Their upcoming cloud-based service isn’t prime for the market yet but has been running as a demo on the show floor of E3. The games featured on the platform are streaming in full HD from a cloud being utilized on various devices, according to Variety.
EA aims to grant users access to play top-tier games like Titanfall 2 on any device. According to reports by users from CNET who tried out the platform, prospective users may expect to play games anywhere they would be able to watch Netflix. EA is utilizing technology similar to that which powers Netflix for this platform, which is why high-end games may be played on low-end laptops or even phones.
All that users will need for this service includes internet connection, a controller, and any device. Although EA hasn’t specified costs, they are estimating that a release will come within the near future.
— Electronic Arts (@EA) June 10, 2018
Microsoft also announced plans to launch a game streaming service on Sunday, which would allow users to select a game online and play it immediately without the need to buy a disc or download the title. This is similar to Sony’s PlayStation Now that is available to gamers for $19.99 a month.

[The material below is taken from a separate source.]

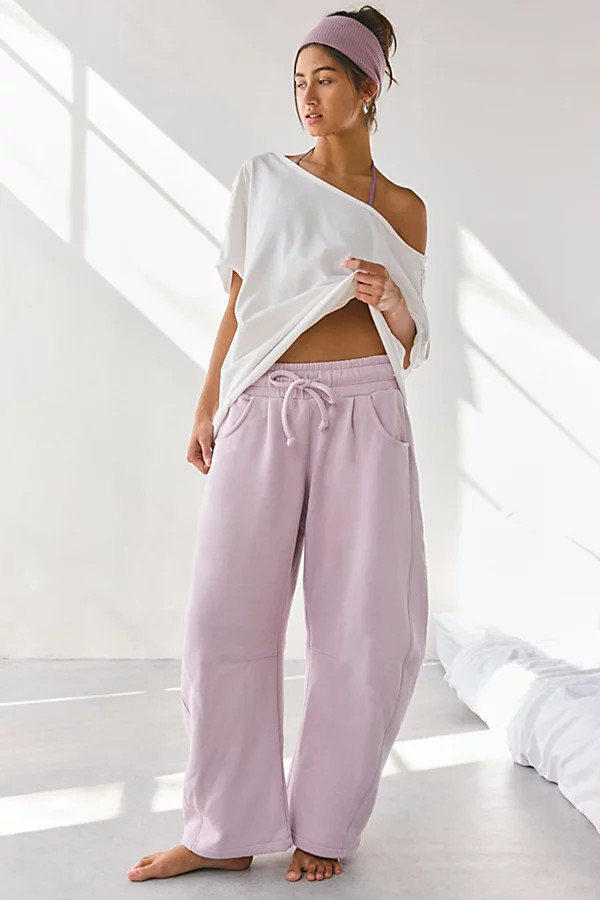 Out From Under Essential Barrel Leg Sweatpant in Lilac, Women's at Urban Outfitters | Urban Outfitters (US and RoW)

Responding to the announcement, Harding-Rolls, head of games research at IHS Markit, believes that while the streaming service is likely years away from launch, Microsoft’s positioning in cloud computing should help the company stay highly competitive.
“A number of publishers are showing renewed interest in cloud gaming and subscription business models. As the market shifts, Microsoft is strongly positioned due to its Azure capability.”
Microsoft capped off its big day of announcements by unveiling a number of exclusive games such as Halo Infinite, Forza Horizon 4 and Gears 5.
Yves Guillemot, the head of Ubisoft, recently told Variety that the end of dedicated video game consoles is coming to an end, with one more console generation being projected to follow, as streaming takes the lead in innovation.